Defendants next aver that this Court "misapplied the 'totality of the circumstances' analysis in evaluating whether the PPM's disclaiming language was ambiguous, making its findings not on the explicit language itself, but on allegations of the extrinsic circumstances surrounding the publication of the PPM and the Code of Conduct." Defs.' Mem. in Supp. at 8. However, this Court's ambiguity finding was based on the limitation set forth in the language of the disclaimer itself, which stated that YAI's freedom "to terminate the employment relationship at any time" is "limited to reasons 'not prohibited by law.'" See Op. at 21-22. Then, having found the disclaimer language "not 'sufficiently unambiguous,'" this Court held that discovery was warranted. Id. at 22. Contrary to Defendants' contention, this Court's holding is therefore not a misapplication of Baron. See 271 F.3d at 88 ("[W]here a sufficiently unambiguous disclaimer, conspicuously placed in the employee handbook such that the employee reasonably could be expected to read it is at issue, the totality of the circumstances inquiry is unnecessary[.]") (emphasis added).

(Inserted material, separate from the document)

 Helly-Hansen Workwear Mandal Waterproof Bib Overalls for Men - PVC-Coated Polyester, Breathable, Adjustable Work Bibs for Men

Finally, Defendants contend that the Court overlooked controlling authority and factual matters to the extent it treated the CIA as having any effect on Plaintiff's claims relative to his termination.

Defendants first argue that because the Court found that Plaintiff is not an intended beneficiary of the CIA, it would be error to consider the CIA's effect on Plaintiff's breach of contract claim. See Defs.' Mem. in Supp. of Recons. at 15. However, the CIA is relevant insofar as it relates to Dutt's rights and YAI's obligations under the Code of Conduct and YAI's inability to amend, change, modify, or abandon any of the obligations imposed under the CIA. See Op. at 22 ("[T]he CIA constitutes a valid and binding contract, and Defendants' allegedly retaliatory firing of Dutt may have been prohibited by the law of the agreements entered into pursuant to the Medicaid Fraud Settlement."). Significantly, Defendants point to no case law to support the contention that such a consideration was improper.

Second, Defendants argue that, even if Dutt had enforceable rights under the CIA, the CIA expired prior to the alleged retaliatory act and it therefore had no bearing on Dutt's claim. Defs.' Mem. in Supp. of Recons. at 15. This argument is unavailing because the Amended Complaint ("AC") alleges that (1) retaliatory acts commenced in December 2015, prior to the expiration of the CIA, see AC ¶¶ 52-59; and (2) Dutt's termination was decided upon before the expiration of the CIA and was deliberately delayed until after its expiration in order to avoid any extension, id. ¶ 47. Again, Defendants cite no controlling authority or other basis for granting reconsideration on this ground.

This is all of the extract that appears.